Virtual visits, used in the right situations, could ease some of the problems straining the pediatric system, Rauch said. Extending the reach of providers would prevent transferring a child outside of their community when there isn’t the provider with the right expertise locally.
- Increased access to children’s mental health services
With the ongoing mental health crisis, there’s more work to be done upstream, said Amy Wimpey Knight, the president of CHA.
“How do we work with our school partners in the community to make sure that we’re not creating this crisis and that we’re heading it off up there?” she said.
There’s also a greater need for services within children’s hospitals, which are seeing an increase in children being admitted with behavioral health needs.
“If you take a look at the reasons why kids are hospitalized, meaning infections, diabetes, seizures and mental health concerns, over the last decade or so, only one of those categories has been increasing – and that is mental health,” Davis said. “At the same time, we haven’t seen an increase in the number of mental health hospital resources dedicated to children and adolescents in a way that meets the increasing need.”
Most experts CNN spoke to agreed: Seek care for your child early.
“Whoever is in your community is doing everything possible to get the care that your child needs,” Hsu said. “Reach out to us. We will figure out a way around the constraints around the system. Our number one concern is taking care of your kids, and we will do everything possible.”
Nguyen from GBMC and Schimmelpfennig from St. Luke’s agreed with contacting your primary care doctor and trying to keep your child out of the emergency room.
“Anything they can do to stay out of the hospital or the emergency room is both financially better for them and better for their family,” Schimmelpfennig said.
Knowing which emergency room or urgent care center is staffed by pediatricians is also imperative, Rauch said. Most children visit a non-pediatric ER due to availability.
“A parent with a child should know where they’re going to take their kid in an emergency. That’s not something you decide when your child has the emergency,” he said.

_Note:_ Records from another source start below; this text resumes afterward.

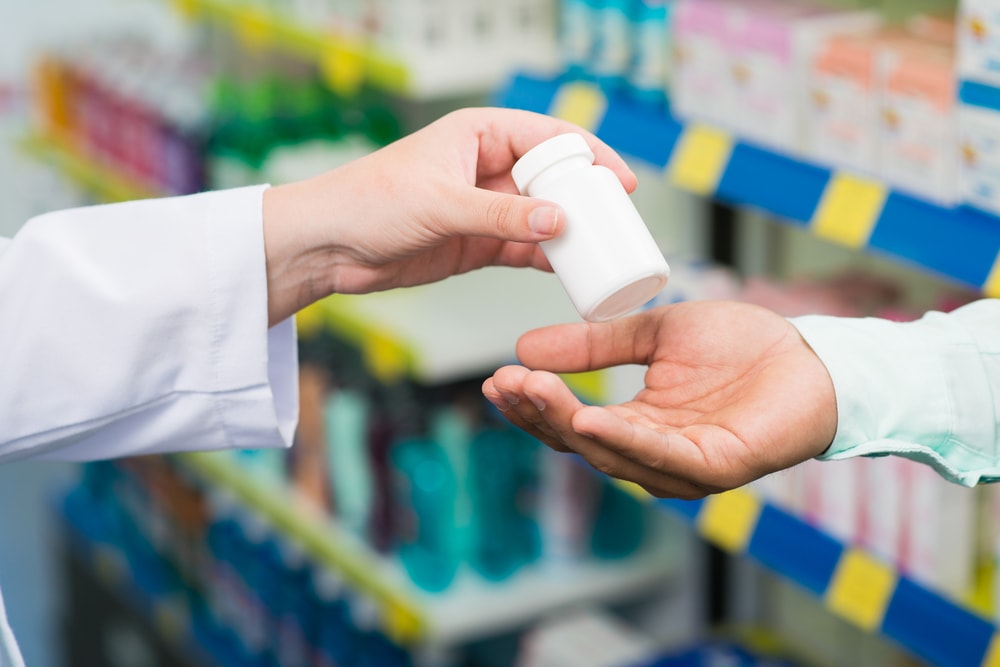 El contacto semanal con el farmacéutico mejora la adherencia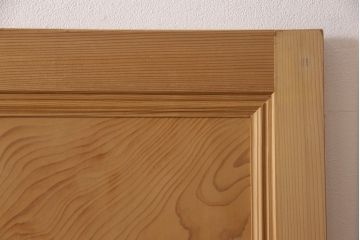 ガラス帯戸3枚セットをリペア&カスタム!引き違い戸として使用のために2枚を高さと幅をリサイズし、戸車を取り付け。もう1枚は開き戸仕様に加工。(建具、引き戸、ドア)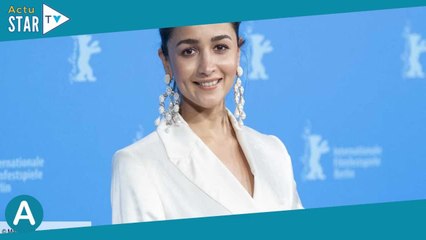 Agent Stone Netflix  qui est Alia Bhatt, qui incarne Keya au côté de Gal Gadot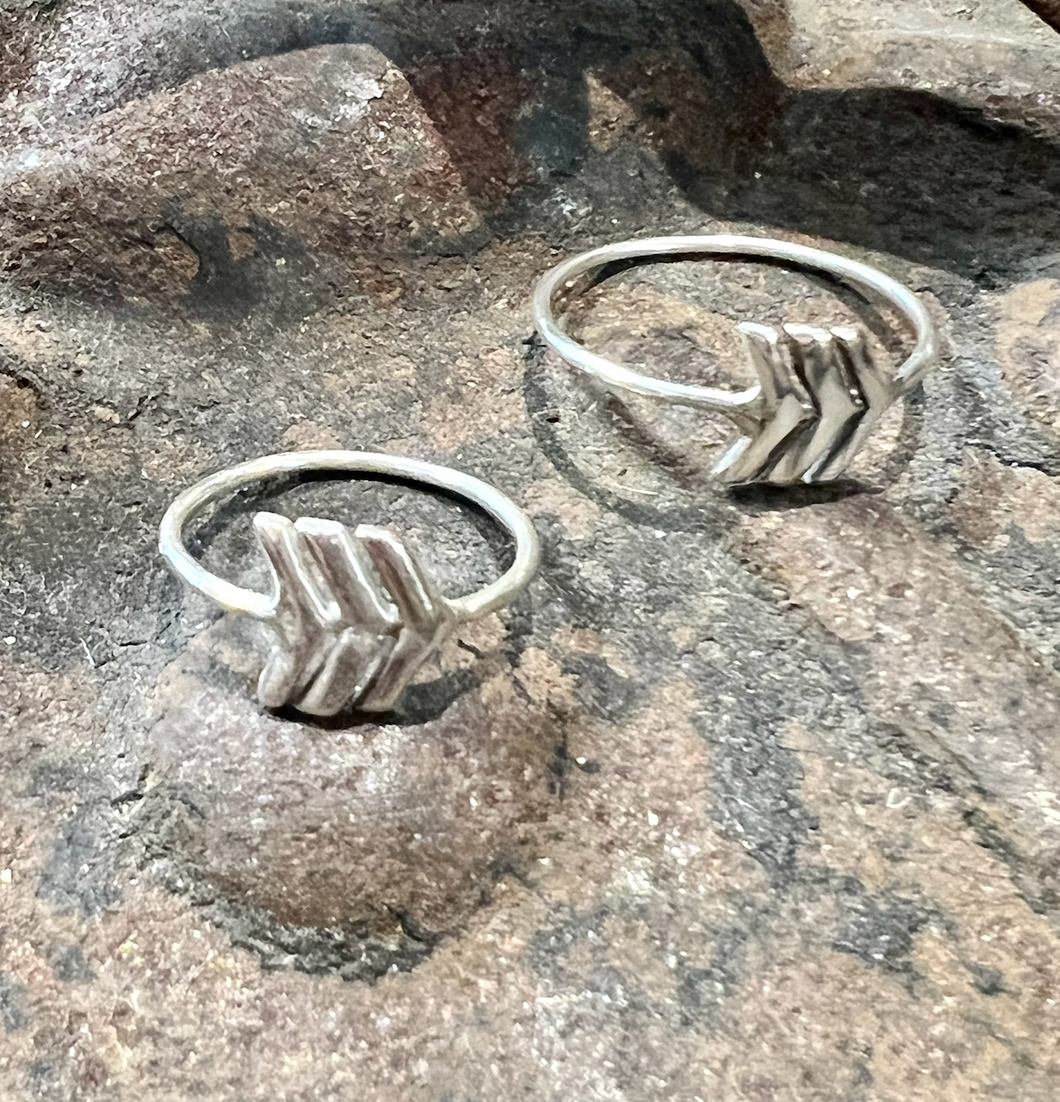 A fine sterling silver band with three big arrows on it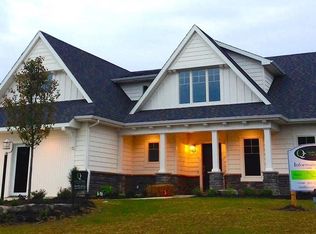 10192 Foxwood Psge, Fort Wayne, IN 46835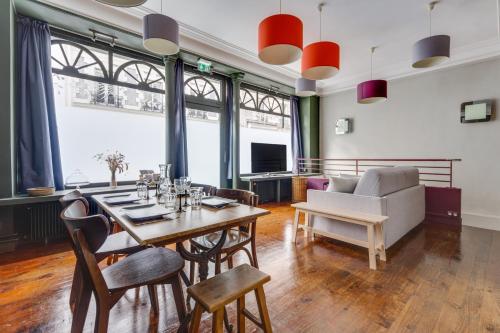 TV a/nebo společenská místnost v ubytování Appartement Gambetta - Atypique - Rue Calme - Quartier dynamique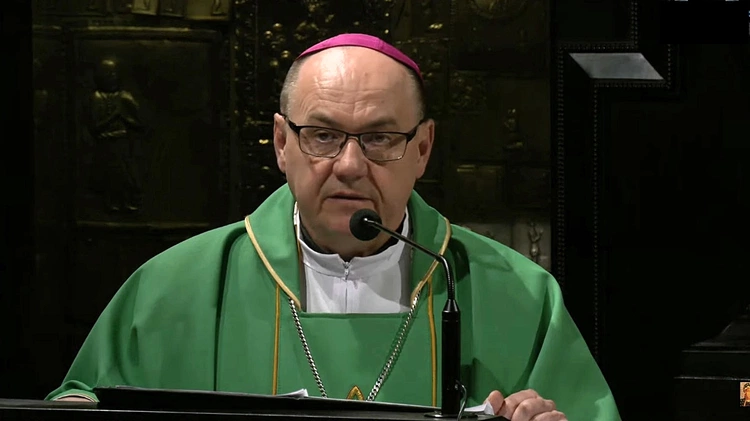 Bp Kiciński: Ubodzy boją się naszej oceny, krytyki, dlatego chcą być niezauważalni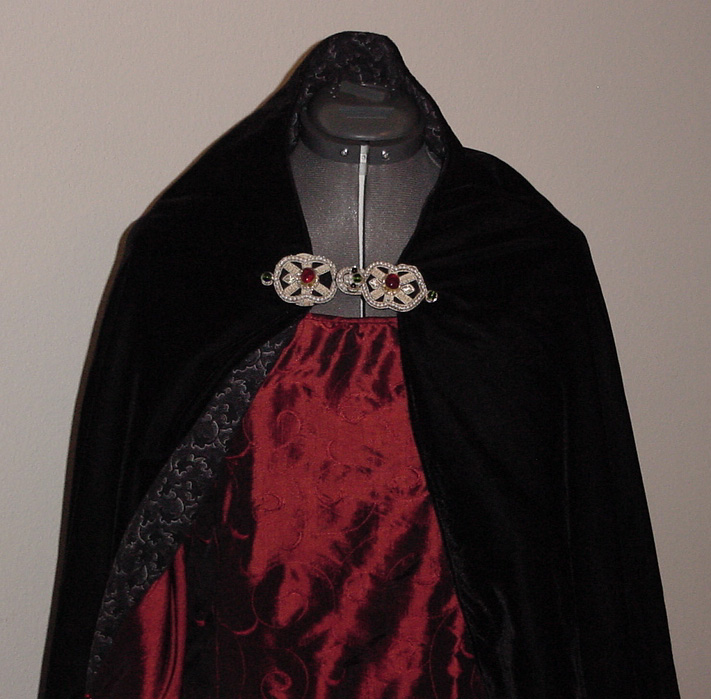 Gown with mantle, closer
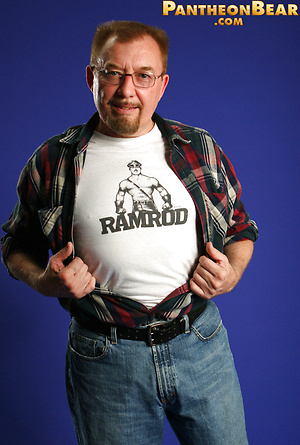 Bill Hagen shows cock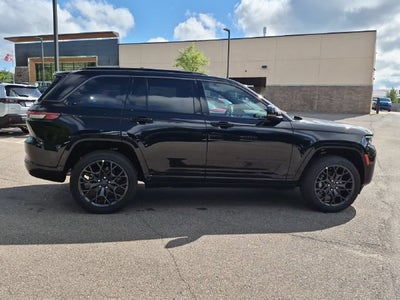 2027 Jeep Grand Cherokee Summit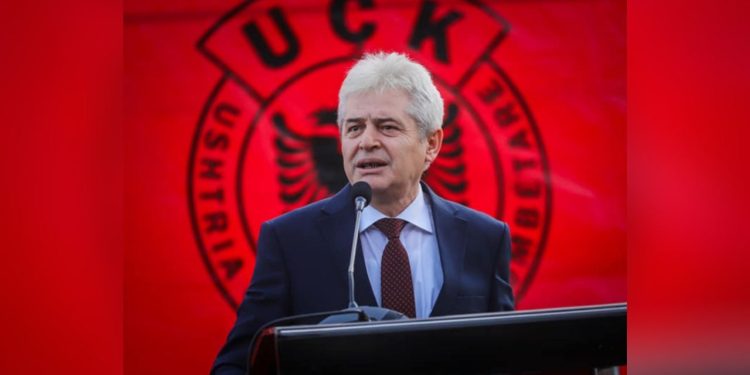 Ali Ahmeti: Akuzat për çlirimtarët janë të paqëndrueshme, dëshmitë nga SHBA dhe Britania vërtetojnë se UÇK luftoi për të kundërshtuar gjenocidin serb dhe veproi në përputhje me ligjin e luftës.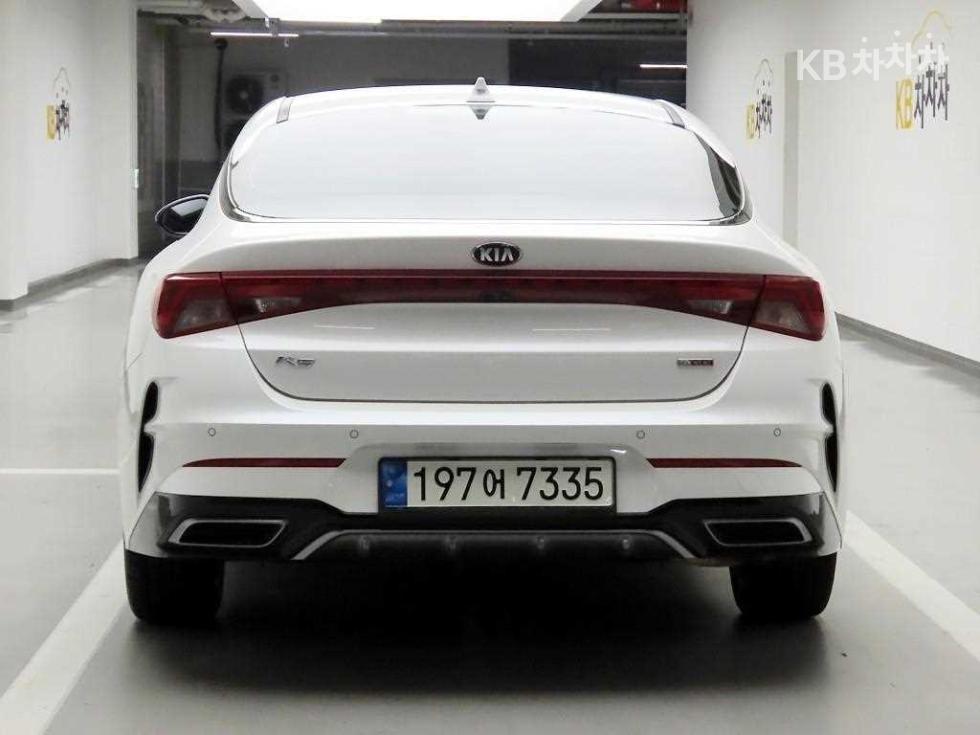 2021 - kia k5
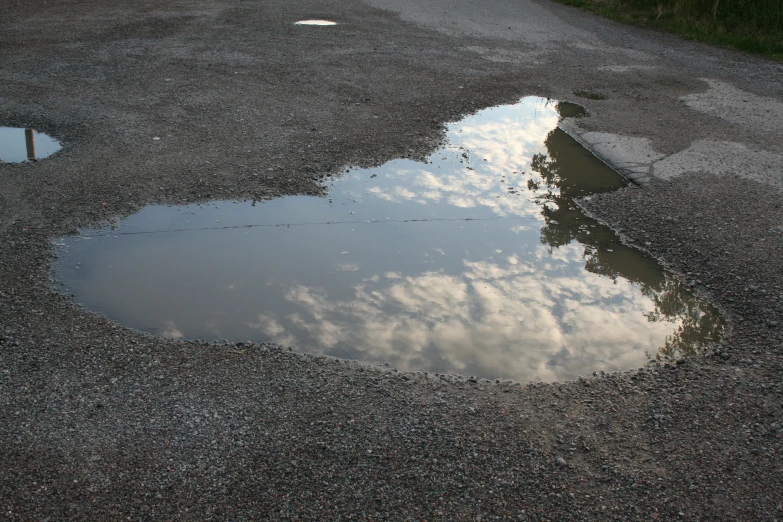 a rain dle on the side of the road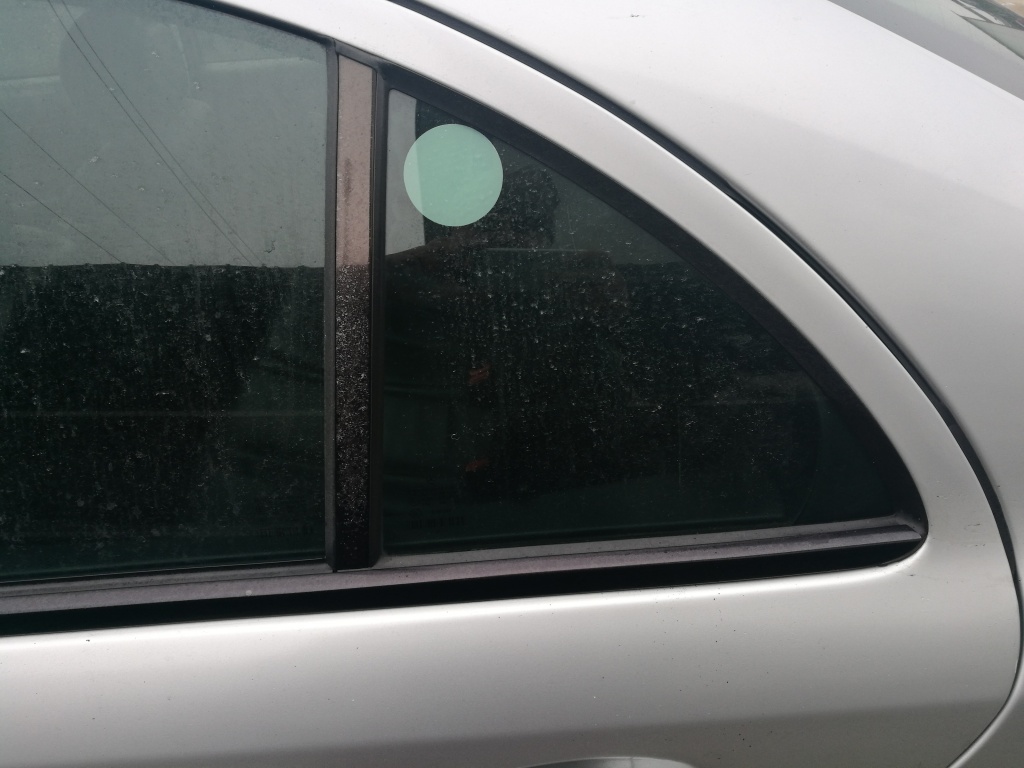 Geam trunghi stanga spate Mercedes E220 cdi w211 F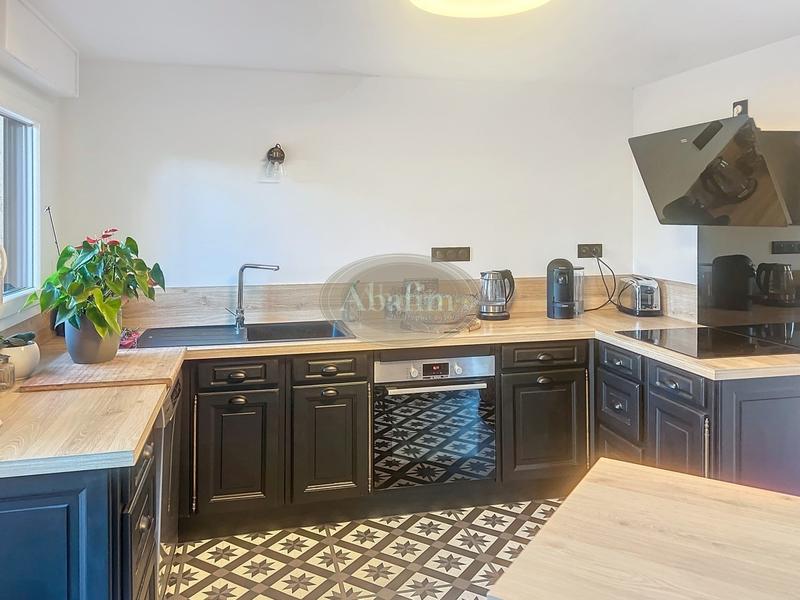 Maison - 141 m² - 8 pièces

After Effie’s first ambulance ride and hospitalization last month, the Schnacky family received an asthma action plan from the pulmonologist in the ER.
It breaks down the symptoms into green, yellow and red zones with ways Effie can describe how she’s feeling and the next steps for adults. The family added more supplies to their toolkit, like a daily steroid inhaler and a rescue inhaler.
“We have everything an ER can give her, besides for an oxygen tank, at home,” Schnacky said. “The hope is that we are preventing even needing medical care.”